When I was a boy, my dad took me on car rides in the wide-open desert on the Navajo Indian Reservation.
As we drove, he often blurted out stories about his days in San Quentin State Prison in the late 1940s. He talked as though I knew everything about his life there. At first, I had no idea what crime he had committed, but over time, I was able to piece things together.
Dad never talked about the “Q” around my mom or siblings. The stories became a part of the web of secrets he shared with me, usually as a means to recruit me into criminal activity, since he frequently stole from the government and forced me to be his lookout.
He described his days in the fish tank, the jobs he had in prison, what daily life was like for inmates, and the crimes his cell mates committed. Dad claimed he should never have been in prison because the bastard he tried to kill richly deserved it. He was sad the bastard managed to live. Any fool would’ve understood why he needed killing.
Dad seemed entirely unfazed that the man’s death would have gotten him the death penalty. Since I was born nine months after he got out, it unnerved me that he was so cavalier about his near miss with the gas chamber.

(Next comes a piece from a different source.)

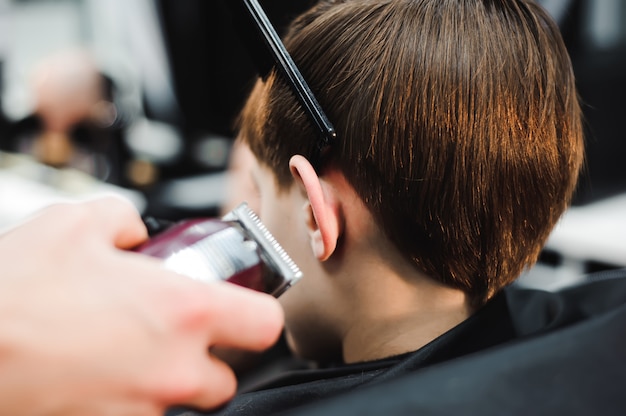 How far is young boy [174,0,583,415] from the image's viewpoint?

None of the cons were guilty of the crimes that got them locked up, according to them, but they often bragged about crimes they had gotten away with. Dad laughed about the stories he recalled hearing in the yard, where cons talked freely out of earshot of the prying ears of the guards, also known as the screws.
Arriving at San Quentin
Dad’s stories about the Q fascinated me, but his descriptions of the fish tank and how it worked were among my favorites.

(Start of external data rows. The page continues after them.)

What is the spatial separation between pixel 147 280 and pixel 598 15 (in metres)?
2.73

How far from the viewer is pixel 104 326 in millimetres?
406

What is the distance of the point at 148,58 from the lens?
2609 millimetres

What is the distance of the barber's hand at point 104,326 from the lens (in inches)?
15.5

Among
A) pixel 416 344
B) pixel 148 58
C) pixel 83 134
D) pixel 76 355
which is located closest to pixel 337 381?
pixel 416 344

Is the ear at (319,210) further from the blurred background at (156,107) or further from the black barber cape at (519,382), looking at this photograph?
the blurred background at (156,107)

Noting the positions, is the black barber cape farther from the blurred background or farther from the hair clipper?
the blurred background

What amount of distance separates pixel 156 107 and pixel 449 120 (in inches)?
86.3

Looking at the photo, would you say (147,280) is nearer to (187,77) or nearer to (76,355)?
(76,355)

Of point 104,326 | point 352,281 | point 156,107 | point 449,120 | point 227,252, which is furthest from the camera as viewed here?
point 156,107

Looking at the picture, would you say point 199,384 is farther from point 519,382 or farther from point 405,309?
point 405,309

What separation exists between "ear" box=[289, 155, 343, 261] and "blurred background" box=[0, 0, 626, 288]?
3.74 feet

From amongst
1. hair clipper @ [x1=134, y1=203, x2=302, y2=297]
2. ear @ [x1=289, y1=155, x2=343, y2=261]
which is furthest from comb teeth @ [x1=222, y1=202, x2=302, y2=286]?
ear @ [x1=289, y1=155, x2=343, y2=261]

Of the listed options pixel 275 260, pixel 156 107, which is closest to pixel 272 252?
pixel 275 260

The fish tank was the cellblock where new inmates (fish) were locked up until they were processed into some other category. It was high security, of course, because all but the deadliest inmates were assigned there first.
From Thurston Crow:
You can’t imagine what goes through a man’s mind on the bus ride to prison. The diesel tour, they call it.

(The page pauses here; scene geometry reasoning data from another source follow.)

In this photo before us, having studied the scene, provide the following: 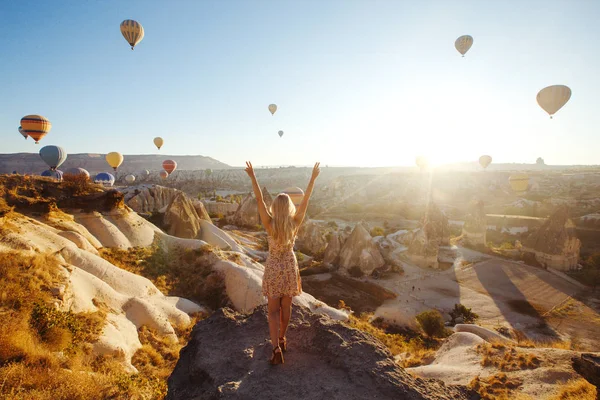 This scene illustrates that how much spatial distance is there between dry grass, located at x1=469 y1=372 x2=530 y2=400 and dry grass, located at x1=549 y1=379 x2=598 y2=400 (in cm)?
70

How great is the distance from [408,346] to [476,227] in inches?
854

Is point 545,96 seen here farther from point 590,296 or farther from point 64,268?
point 64,268

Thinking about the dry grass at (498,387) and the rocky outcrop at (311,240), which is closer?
the dry grass at (498,387)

That might be the toughest part of all, the swelling up of the stark reality that this is it. You’re going to wake up in the Big House for untold mornings to come. There’s no escape. By that point, you’ve pushed the fury, or whatever dominated your brain when you committed the crime, so far back so many times that you would swear you didn’t do anything wrong.
You even use more passive ways of talking, like turning “when I committed the crime” into “when the crime was committed.” It doesn’t matter—even if what you did was justified.
When the bus unloads at the entrance to the prison, your life as you know it is over. Before the day has ended, you’ll be locked up in a six-by-ten-foot cell. With another inmate. He’ll already be there, in the top bunk.
The new fish are forced to strip off their clothes and get their heads shaved. This also strips the man of what remaining dignity he has and reminds him his life has drastically changed.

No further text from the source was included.